Data segment:
══════════
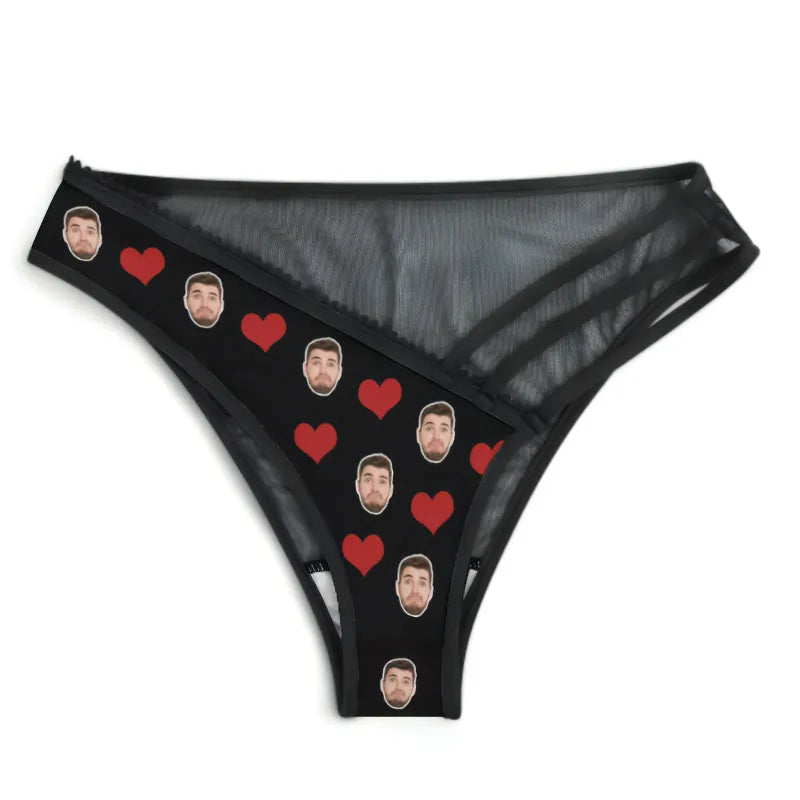 Custom Photo Mesh Underwear with Hearts Panties - Upload Any Photo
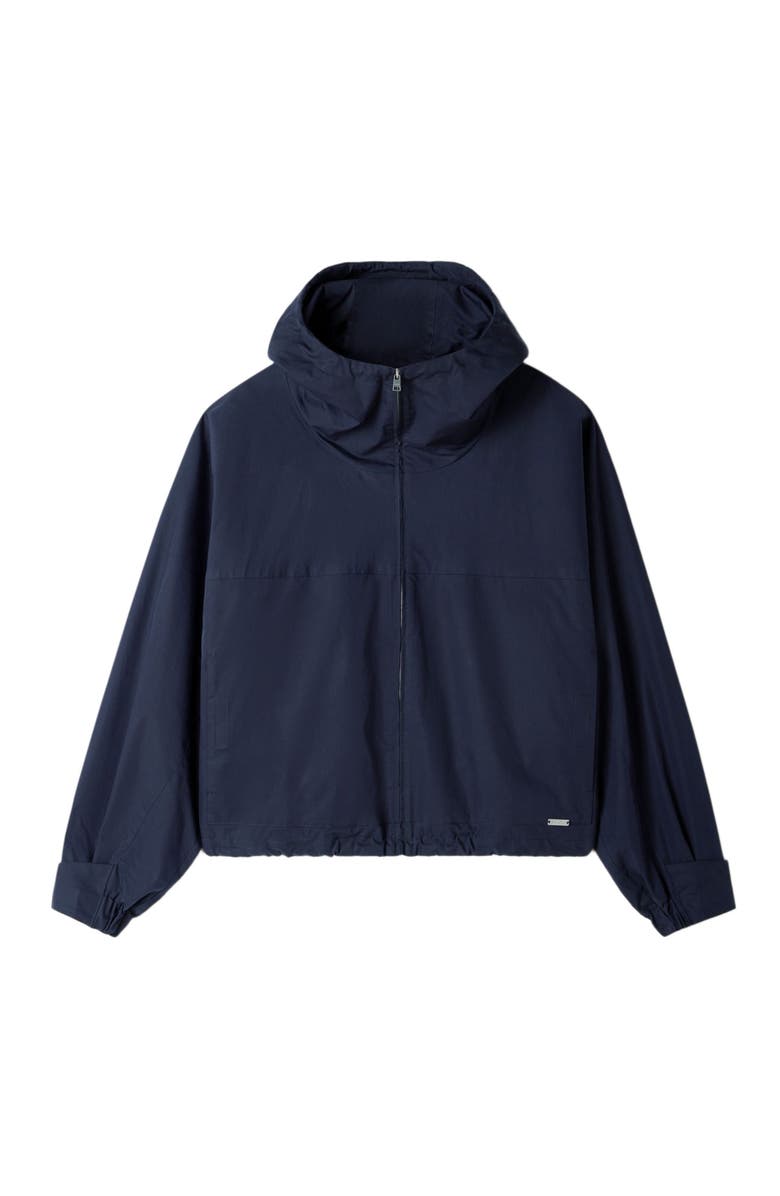 SANDRO Hooded zip-up cotton jacket, Alternate, color, Midnight Blue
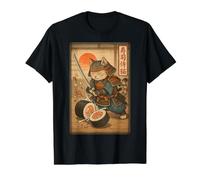 Divertido Sushi Samurai Cat Dojo Puesta de Sol Ukiyo-e Manga Kanji Art Camiseta gráfica económica, Hombre, Negro, L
══════════
Task brief:
Everything from the line that contains "SANDRO Hooded zip-up" to the final line of the data is to be duplicated exactly, both ends included, except the pictures.

Answer to this task:
 SANDRO Hooded zip-up cotton jacket, Alternate, color, Midnight Blue
 Divertido Sushi Samurai Cat Dojo Puesta de Sol Ukiyo-e Manga Kanji Art Camiseta gráfica económica, Hombre, Negro, L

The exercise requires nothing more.